Disadvantages of IJW
-
Marshaling needs to be specified explicitly in code rather than by attributes (which in many cases like this one have suitable defaults).
-
The marshaling code is inline, where it is more invasive in the flow of the application logic.
-
Since the explicit marshaling APIs return IntPtr types for 32-bit to 64-bit portability, extra ToPointer calls need to be used.
Like many places, the specific method exposed by C++ is the more efficient, explicit method, at the cost of some additional complexity.
If the application uses mainly unmanaged data types or if it calls more unmanaged APIs than .NET Framework APIs, using the IJW feature will generally be preferable. To call an occasional unmanaged API in a mostly managed application, the choice is more subtle.
Marshaling Arguments
With PInvoke, no marshaling is required between managed and C++ native primitive types with the same form. For example, no marshaling is required between Int32 and int, and Double and double.
Marshaling is required for types that do not have the same form. This includes char, string, and struct types. The following table shows the mappings used by the marshaler for various types.
| wtypes.h | Visual C++ | Visual C++ with /clr | Common Language Runtime |
|---|---|---|---|
| HANDLE | void * | void * | IntPtr, UIntPtr |
| BYTE | unsigned char | unsigned char | Byte |
| SHORT | short | short | Int16 |
| WORD | unsigned short | unsigned short | UInt16 |
| INT | int | int | Int32 |
| UINT | unsigned int | unsigned int | UInt32 |
| LONG | long | long | Int32 |
| BOOL | long | bool | Boolean |
| DWORD | unsigned long | unsigned long | UInt32 |
| ULONG | unsigned long | unsigned long | UInt32 |
| CHAR | char | char | Char |
| LPCSTR | char * | String ^ [in], StringBuilder ^ [in, out] | String ^ [in], StringBuilder ^ [in, out] |
| LPCSTR | const char * | String ^ | String |
| LPWSTR | wchar_t * | String ^ [in], StringBuilder ^ [in, out] | String ^ [in], StringBuilder ^ [in, out] |
| LPCWSTR | const wchar_t * | String ^ | String |
| FLOAT | float | float | Single |
| DOUBLE | double | double | Double |
The marshaler automatically pins memory allocated on the runtime heap if its address is passed to an unmanaged function. Pinning prevents the garbage collector from moving the allocated block of memory during compaction.

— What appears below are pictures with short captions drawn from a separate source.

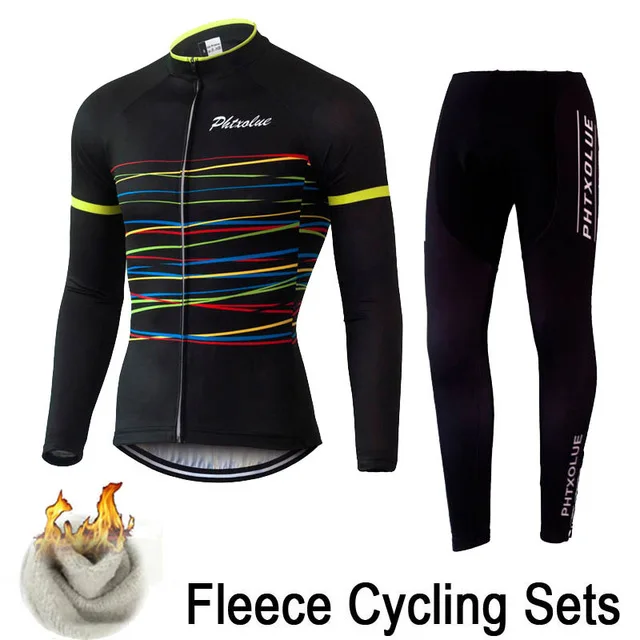 Winter Fleece 10 Phtxolue зимний термальный флисовый комплект велосипедной одежды Майо Ropa Ciclismo Invierno MTB велосипедные майки велосипед спортивная одежда - Цвет: Winter Fleece 10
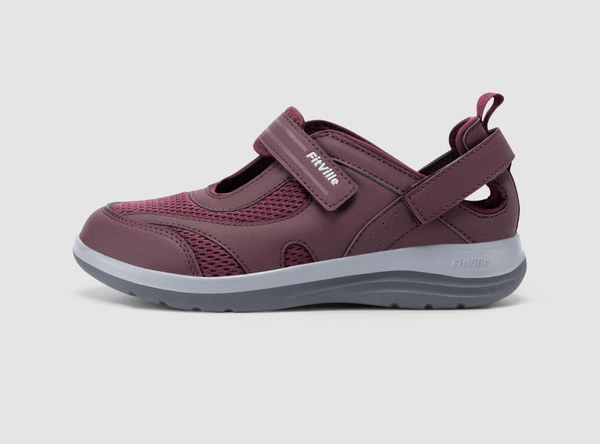 FitVille Women's FlexiWalk Mary Jane sandal in burgundy with a hook-and-loop strap
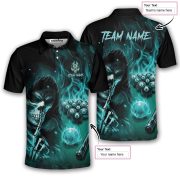 Grim Reaper Teal Flame 8 Ball Billiard Custom Pool Shirt - Image 5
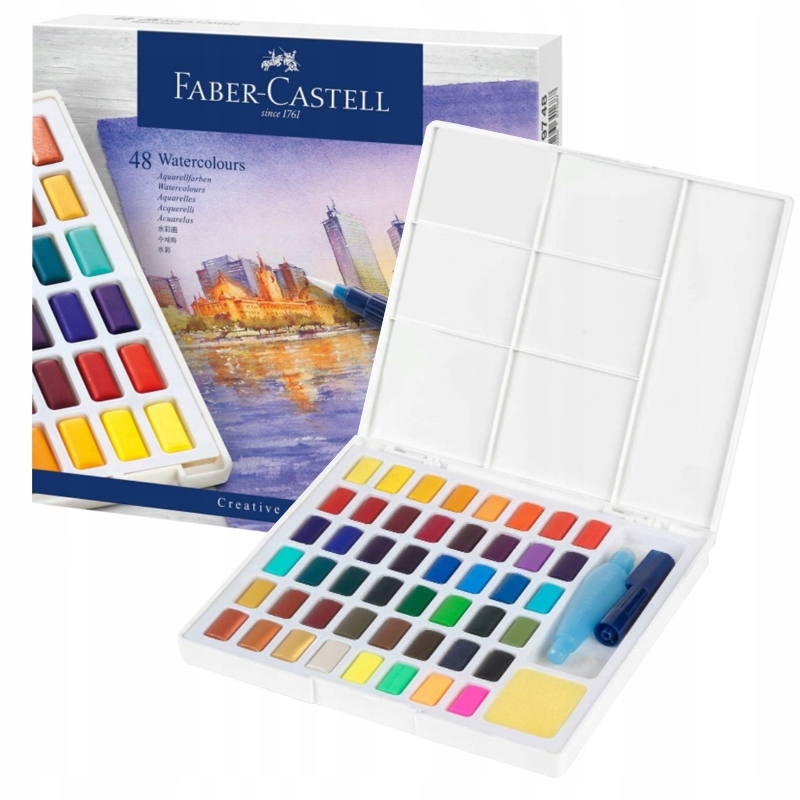 Akvarijní barvy Kostky Faber-Castell 48 barev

In the example shown earlier in this topic, the CharSet parameter of DllImport specifies how managed Strings should be marshaled; in this case, they should be marshaled to ANSI strings for the native side.
Marshaling information for individual arguments of a native function can be specified using the MarshalAs attribute. There are several choices for marshaling a String * argument: BStr, ANSIBStr, TBStr, LPStr, LPWStr, and LPTStr. The default is LPStr.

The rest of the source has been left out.